Assigned task: All of the records must be restated exactly, with every line complete.

Data shown:
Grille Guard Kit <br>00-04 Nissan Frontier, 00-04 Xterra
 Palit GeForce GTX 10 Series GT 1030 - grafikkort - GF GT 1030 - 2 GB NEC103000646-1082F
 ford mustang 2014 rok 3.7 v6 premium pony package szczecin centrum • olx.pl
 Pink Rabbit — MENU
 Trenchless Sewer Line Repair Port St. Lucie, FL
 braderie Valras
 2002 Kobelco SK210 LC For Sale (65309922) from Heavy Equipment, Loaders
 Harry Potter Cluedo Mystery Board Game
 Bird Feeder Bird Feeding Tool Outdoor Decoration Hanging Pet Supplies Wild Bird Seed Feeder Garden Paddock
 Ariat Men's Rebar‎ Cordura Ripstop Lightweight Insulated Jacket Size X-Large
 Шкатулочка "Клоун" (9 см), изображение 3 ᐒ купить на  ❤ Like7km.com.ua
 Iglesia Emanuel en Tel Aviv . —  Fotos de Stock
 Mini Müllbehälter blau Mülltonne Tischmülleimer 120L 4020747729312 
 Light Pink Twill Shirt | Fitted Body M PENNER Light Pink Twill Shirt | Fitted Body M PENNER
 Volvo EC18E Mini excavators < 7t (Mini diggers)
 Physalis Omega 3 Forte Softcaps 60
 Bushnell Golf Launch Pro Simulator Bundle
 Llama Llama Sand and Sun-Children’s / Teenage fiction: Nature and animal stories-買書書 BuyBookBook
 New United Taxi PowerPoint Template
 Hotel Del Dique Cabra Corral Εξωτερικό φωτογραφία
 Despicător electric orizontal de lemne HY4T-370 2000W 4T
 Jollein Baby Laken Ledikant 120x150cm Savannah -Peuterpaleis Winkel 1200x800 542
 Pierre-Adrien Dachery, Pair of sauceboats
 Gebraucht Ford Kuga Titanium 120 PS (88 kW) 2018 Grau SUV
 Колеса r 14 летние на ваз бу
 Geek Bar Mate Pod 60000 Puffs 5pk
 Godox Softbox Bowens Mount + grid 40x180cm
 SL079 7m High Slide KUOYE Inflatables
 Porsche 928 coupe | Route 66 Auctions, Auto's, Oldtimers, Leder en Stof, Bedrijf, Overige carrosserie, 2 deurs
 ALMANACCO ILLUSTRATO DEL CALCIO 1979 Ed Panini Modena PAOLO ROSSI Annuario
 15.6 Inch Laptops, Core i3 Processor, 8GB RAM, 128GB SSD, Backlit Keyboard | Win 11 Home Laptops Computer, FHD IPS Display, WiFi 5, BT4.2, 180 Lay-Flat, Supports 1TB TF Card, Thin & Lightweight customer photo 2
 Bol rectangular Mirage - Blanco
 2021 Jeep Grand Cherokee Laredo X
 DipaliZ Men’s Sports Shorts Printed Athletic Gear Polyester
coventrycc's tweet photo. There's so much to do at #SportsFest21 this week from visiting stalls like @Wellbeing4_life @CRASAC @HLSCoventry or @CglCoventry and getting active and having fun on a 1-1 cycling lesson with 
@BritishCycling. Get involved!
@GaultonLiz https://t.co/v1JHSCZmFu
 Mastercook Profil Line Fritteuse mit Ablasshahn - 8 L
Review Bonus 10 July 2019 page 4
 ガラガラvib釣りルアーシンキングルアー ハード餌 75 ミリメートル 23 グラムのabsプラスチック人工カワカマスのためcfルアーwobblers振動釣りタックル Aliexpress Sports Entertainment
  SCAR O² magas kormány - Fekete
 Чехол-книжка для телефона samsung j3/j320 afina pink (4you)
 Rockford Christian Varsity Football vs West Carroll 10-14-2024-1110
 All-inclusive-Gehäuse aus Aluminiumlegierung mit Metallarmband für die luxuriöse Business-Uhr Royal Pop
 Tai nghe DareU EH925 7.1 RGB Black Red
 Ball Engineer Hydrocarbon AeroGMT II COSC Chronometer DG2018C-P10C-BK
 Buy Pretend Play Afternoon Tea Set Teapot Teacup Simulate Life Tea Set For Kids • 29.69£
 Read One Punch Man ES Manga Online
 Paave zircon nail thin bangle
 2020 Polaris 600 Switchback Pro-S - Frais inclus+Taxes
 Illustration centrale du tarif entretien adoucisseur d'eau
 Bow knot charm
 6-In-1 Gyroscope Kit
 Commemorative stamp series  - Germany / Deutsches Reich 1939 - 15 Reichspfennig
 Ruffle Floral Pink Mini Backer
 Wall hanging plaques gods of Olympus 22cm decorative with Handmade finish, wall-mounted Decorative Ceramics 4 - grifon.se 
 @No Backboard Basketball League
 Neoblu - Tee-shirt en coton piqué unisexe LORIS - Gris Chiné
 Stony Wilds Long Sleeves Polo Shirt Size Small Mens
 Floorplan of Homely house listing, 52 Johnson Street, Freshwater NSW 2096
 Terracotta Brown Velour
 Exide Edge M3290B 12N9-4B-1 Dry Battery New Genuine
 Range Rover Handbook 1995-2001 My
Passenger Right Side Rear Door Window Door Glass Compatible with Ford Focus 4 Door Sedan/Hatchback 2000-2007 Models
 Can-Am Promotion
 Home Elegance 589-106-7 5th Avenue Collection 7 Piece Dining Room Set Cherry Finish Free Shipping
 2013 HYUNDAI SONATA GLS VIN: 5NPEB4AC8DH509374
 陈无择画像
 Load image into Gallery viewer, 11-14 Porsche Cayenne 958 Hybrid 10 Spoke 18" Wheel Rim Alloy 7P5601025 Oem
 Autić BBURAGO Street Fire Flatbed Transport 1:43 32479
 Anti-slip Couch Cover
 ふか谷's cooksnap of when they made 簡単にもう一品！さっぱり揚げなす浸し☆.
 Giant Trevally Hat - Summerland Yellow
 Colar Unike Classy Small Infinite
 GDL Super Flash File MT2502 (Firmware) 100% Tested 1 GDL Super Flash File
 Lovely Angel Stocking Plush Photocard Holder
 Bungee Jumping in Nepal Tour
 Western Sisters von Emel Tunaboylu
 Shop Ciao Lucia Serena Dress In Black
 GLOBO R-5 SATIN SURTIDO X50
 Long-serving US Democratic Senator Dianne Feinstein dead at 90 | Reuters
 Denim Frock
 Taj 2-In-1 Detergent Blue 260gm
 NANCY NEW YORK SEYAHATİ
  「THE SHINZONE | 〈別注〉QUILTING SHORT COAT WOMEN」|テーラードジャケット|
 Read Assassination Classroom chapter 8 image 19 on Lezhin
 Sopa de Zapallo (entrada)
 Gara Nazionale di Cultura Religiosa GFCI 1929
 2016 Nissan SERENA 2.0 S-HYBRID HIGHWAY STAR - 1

Answer for this exercise:
Grille Guard Kit <br>00-04 Nissan Frontier, 00-04 Xterra
 Palit GeForce GTX 10 Series GT 1030 - grafikkort - GF GT 1030 - 2 GB NEC103000646-1082F
 ford mustang 2014 rok 3.7 v6 premium pony package szczecin centrum • olx.pl
 Pink Rabbit — MENU
 Trenchless Sewer Line Repair Port St. Lucie, FL
 braderie Valras
 2002 Kobelco SK210 LC For Sale (65309922) from Heavy Equipment, Loaders
 Harry Potter Cluedo Mystery Board Game
 Bird Feeder Bird Feeding Tool Outdoor Decoration Hanging Pet Supplies Wild Bird Seed Feeder Garden Paddock
 Ariat Men's Rebar‎ Cordura Ripstop Lightweight Insulated Jacket Size X-Large
 Шкатулочка "Клоун" (9 см), изображение 3 ᐒ купить на  ❤ Like7km.com.ua
 Iglesia Emanuel en Tel Aviv . —  Fotos de Stock
 Mini Müllbehälter blau Mülltonne Tischmülleimer 120L 4020747729312 
 Light Pink Twill Shirt | Fitted Body M PENNER Light Pink Twill Shirt | Fitted Body M PENNER
 Volvo EC18E Mini excavators < 7t (Mini diggers)
 Physalis Omega 3 Forte Softcaps 60
 Bushnell Golf Launch Pro Simulator Bundle
 Llama Llama Sand and Sun-Children’s / Teenage fiction: Nature and animal stories-買書書 BuyBookBook
 New United Taxi PowerPoint Template
 Hotel Del Dique Cabra Corral Εξωτερικό φωτογραφία
 Despicător electric orizontal de lemne HY4T-370 2000W 4T
 Jollein Baby Laken Ledikant 120x150cm Savannah -Peuterpaleis Winkel 1200x800 542
 Pierre-Adrien Dachery, Pair of sauceboats
 Gebraucht Ford Kuga Titanium 120 PS (88 kW) 2018 Grau SUV
 Колеса r 14 летние на ваз бу
 Geek Bar Mate Pod 60000 Puffs 5pk
 Godox Softbox Bowens Mount + grid 40x180cm
 SL079 7m High Slide KUOYE Inflatables
 Porsche 928 coupe | Route 66 Auctions, Auto's, Oldtimers, Leder en Stof, Bedrijf, Overige carrosserie, 2 deurs
 ALMANACCO ILLUSTRATO DEL CALCIO 1979 Ed Panini Modena PAOLO ROSSI Annuario
 15.6 Inch Laptops, Core i3 Processor, 8GB RAM, 128GB SSD, Backlit Keyboard | Win 11 Home Laptops Computer, FHD IPS Display, WiFi 5, BT4.2, 180 Lay-Flat, Supports 1TB TF Card, Thin & Lightweight customer photo 2
 Bol rectangular Mirage - Blanco
 2021 Jeep Grand Cherokee Laredo X
 DipaliZ Men’s Sports Shorts Printed Athletic Gear Polyester
coventrycc's tweet photo. There's so much to do at #SportsFest21 this week from visiting stalls like @Wellbeing4_life @CRASAC @HLSCoventry or @CglCoventry and getting active and having fun on a 1-1 cycling lesson with 
@BritishCycling. Get involved!
@GaultonLiz https://t.co/v1JHSCZmFu
 Mastercook Profil Line Fritteuse mit Ablasshahn - 8 L
Review Bonus 10 July 2019 page 4
 ガラガラvib釣りルアーシンキングルアー ハード餌 75 ミリメートル 23 グラムのabsプラスチック人工カワカマスのためcfルアーwobblers振動釣りタックル Aliexpress Sports Entertainment
  SCAR O² magas kormány - Fekete
 Чехол-книжка для телефона samsung j3/j320 afina pink (4you)
 Rockford Christian Varsity Football vs West Carroll 10-14-2024-1110
 All-inclusive-Gehäuse aus Aluminiumlegierung mit Metallarmband für die luxuriöse Business-Uhr Royal Pop
 Tai nghe DareU EH925 7.1 RGB Black Red
 Ball Engineer Hydrocarbon AeroGMT II COSC Chronometer DG2018C-P10C-BK
 Buy Pretend Play Afternoon Tea Set Teapot Teacup Simulate Life Tea Set For Kids • 29.69£
 Read One Punch Man ES Manga Online
 Paave zircon nail thin bangle
 2020 Polaris 600 Switchback Pro-S - Frais inclus+Taxes
 Illustration centrale du tarif entretien adoucisseur d'eau
 Bow knot charm
 6-In-1 Gyroscope Kit
 Commemorative stamp series  - Germany / Deutsches Reich 1939 - 15 Reichspfennig
 Ruffle Floral Pink Mini Backer
 Wall hanging plaques gods of Olympus 22cm decorative with Handmade finish, wall-mounted Decorative Ceramics 4 - grifon.se 
 @No Backboard Basketball League
 Neoblu - Tee-shirt en coton piqué unisexe LORIS - Gris Chiné
 Stony Wilds Long Sleeves Polo Shirt Size Small Mens
 Floorplan of Homely house listing, 52 Johnson Street, Freshwater NSW 2096
 Terracotta Brown Velour
 Exide Edge M3290B 12N9-4B-1 Dry Battery New Genuine
 Range Rover Handbook 1995-2001 My
Passenger Right Side Rear Door Window Door Glass Compatible with Ford Focus 4 Door Sedan/Hatchback 2000-2007 Models
 Can-Am Promotion
 Home Elegance 589-106-7 5th Avenue Collection 7 Piece Dining Room Set Cherry Finish Free Shipping
 2013 HYUNDAI SONATA GLS VIN: 5NPEB4AC8DH509374
 陈无择画像
 Load image into Gallery viewer, 11-14 Porsche Cayenne 958 Hybrid 10 Spoke 18" Wheel Rim Alloy 7P5601025 Oem
 Autić BBURAGO Street Fire Flatbed Transport 1:43 32479
 Anti-slip Couch Cover
 ふか谷's cooksnap of when they made 簡単にもう一品！さっぱり揚げなす浸し☆.
 Giant Trevally Hat - Summerland Yellow
 Colar Unike Classy Small Infinite
 GDL Super Flash File MT2502 (Firmware) 100% Tested 1 GDL Super Flash File
 Lovely Angel Stocking Plush Photocard Holder
 Bungee Jumping in Nepal Tour
 Western Sisters von Emel Tunaboylu
 Shop Ciao Lucia Serena Dress In Black
 GLOBO R-5 SATIN SURTIDO X50
 Long-serving US Democratic Senator Dianne Feinstein dead at 90 | Reuters
 Denim Frock
 Taj 2-In-1 Detergent Blue 260gm
 NANCY NEW YORK SEYAHATİ
  「THE SHINZONE | 〈別注〉QUILTING SHORT COAT WOMEN」|テーラードジャケット|
 Read Assassination Classroom chapter 8 image 19 on Lezhin
 Sopa de Zapallo (entrada)
 Gara Nazionale di Cultura Religiosa GFCI 1929
 2016 Nissan SERENA 2.0 S-HYBRID HIGHWAY STAR - 1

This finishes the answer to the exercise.